Reported sacrifices in dietary diversity can have serious implications not only on the risk of obesity, but also on the micronutrient intake of women, as seen in the present study. Adjusting for energy, food insecure mothers were found to be significantly more likely than their food secure counterparts to consume less than 2/3rd the DRIs for key nutrients, including potassium, folate, vitamin C, and vitamin B6. This level of intake is generally accepted as minimally adequate for individuals according to previous studies conducted in Lebanon [75, 76]. The consumption of low nutrient, energy-dense foods such as breads and cereals, sugars & sugar-sweetened beverages among mothers from food insecure households may have contributed to their increased risk of nutrient deficiencies. Similar higher risks of nutrient inadequacies, including protein, folate, vitamin C, and vitamins B6 were reported among women of reproductive age from food insecure households in Canada and the United States [7779]. Limited studies have been published to date reporting nutrient inadequacies among food insecure women of reproductive age [25] and female caregivers and their children within urban settings in LMICs [26]. Differences in dietary intakes according to food insecurity status may be explained by the different coping mechanisms adopted by mothers to protect their children from hunger at the expense of their own dietary intake in terms of quantity and adequacy [24]. Indeed, studies have shown that food insecurity adversely affects the quality and variety of diets consumed by women [63, 80]. Mothers in food insecure households may limit their food intake, skip meals, or consume affordable yet low nutrient-dense diets to limit their feelings of hunger while ensuring that their children are being well-fed [5]. Other reasons that could explain the dietary differences between mothers in food secure and insecure households could be attributed to the high consumption of breads and cereals among lower income households. Although bread is rich in carbohydrates, it is deficient in numerous micronutrients, including folate, potassium, zinc, vitamins A, C, D, and E [44, 81].

Findings from the present study demonstrate a significant association between HFIS and obesity (BMI ≥ 30 kg/m2) among mothers. The positive association between food insecurity and obesity markers has been well-established among women in high income countries [5, 19, 62, 80], however, the evidence is less conclusive in LMICs and those undergoing nutrition transitions [82, 83]. Differences in findings across studies could be explained by the stage of nutrition transition undergone in each of the contexts of these studies, which may in turn affect the food consumption and lifestyle behaviors of women. Another reason could be the different criteria used by researchers to measure abdominal obesity.

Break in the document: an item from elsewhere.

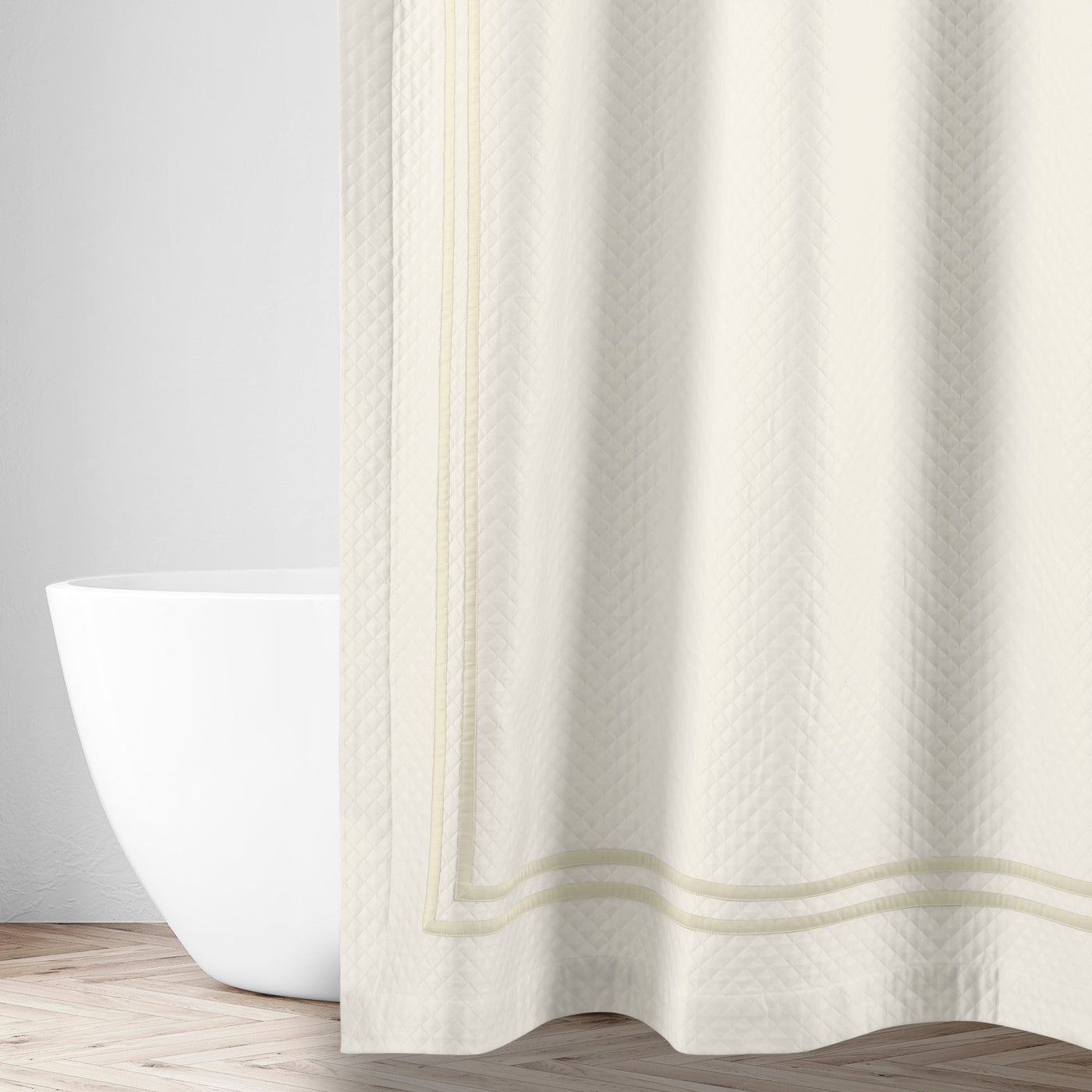 Ivory matelassé shower curtain with tonal herringbone weave and double-stripe hem detail.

For example, Mohammadi and colleagues [83] reported a 2.05 higher risk of overweight among moderately food insecure women and 2.8 times higher risk of abdominal obesity (using the North American cut-point of WC ≥88 cm) among severely food insecure households compared to their food secure counterparts in Tehran city (Iran). Another study conducted in Malaysia among 200 women from rural communities showed a similar significant association between food insecurity and at-risk WC (using the 88 cm cut-off), but not overweight status (BMI ≥ 25 kg/m2), after adjusting for a number of covariates [21]. Whereas in the present study, the cut point of ≥80 cm was used for Lebanese women, as recommended by the IDF criteria for Eastern Mediterranean and Middle Eastern populations [36]. In fact, the same cutoff-points that are based on European data have been recommended for Sub-Saharan African and South Asian populations (including Malaysian and Chinese) in the absence of specific data for these ethnic groups.

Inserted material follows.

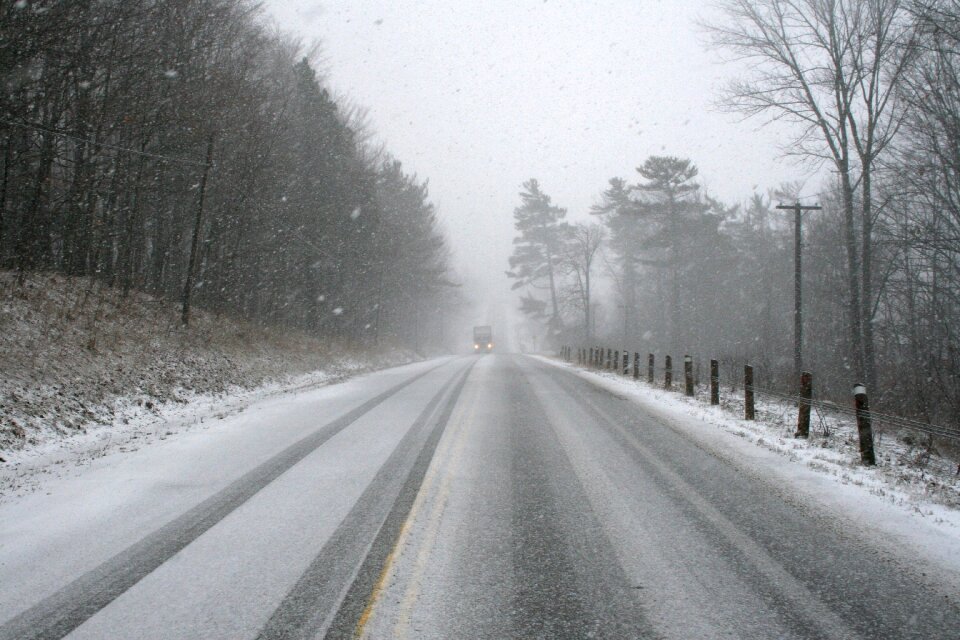 Snow storm car trip photo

It is worth noting that a significant association was also observed between HFIS and at-risk WC in the present study, however this association was no longer significant after adjusting for socioeconomic correlates. Maternal education, one of the socioeconomic factors adjusted for in this study, has been associated with healthier eating and lifestyle patterns that may have been protective against obesity [21, 84, 85]. This may explain why women from food insecure households compared to their food secure counterparts did not exhibit an elevated WC, which is a proxy measure, for visceral fat. In fact, a previous study conducted in Lebanon have shown that female gender and having a higher education were positively associated with odds of metabolically healthy overweight and obesity, a phenotype that is characterized with a favorable metabolic profile such as insulin sensitivity, normal blood pressure and lipid profile [86]. In addition, a negative association was observed between being metabolically healthy overweight/obese and waist circumference in that study, which may be another protective factor from visceral fat accumulation among women in the present study.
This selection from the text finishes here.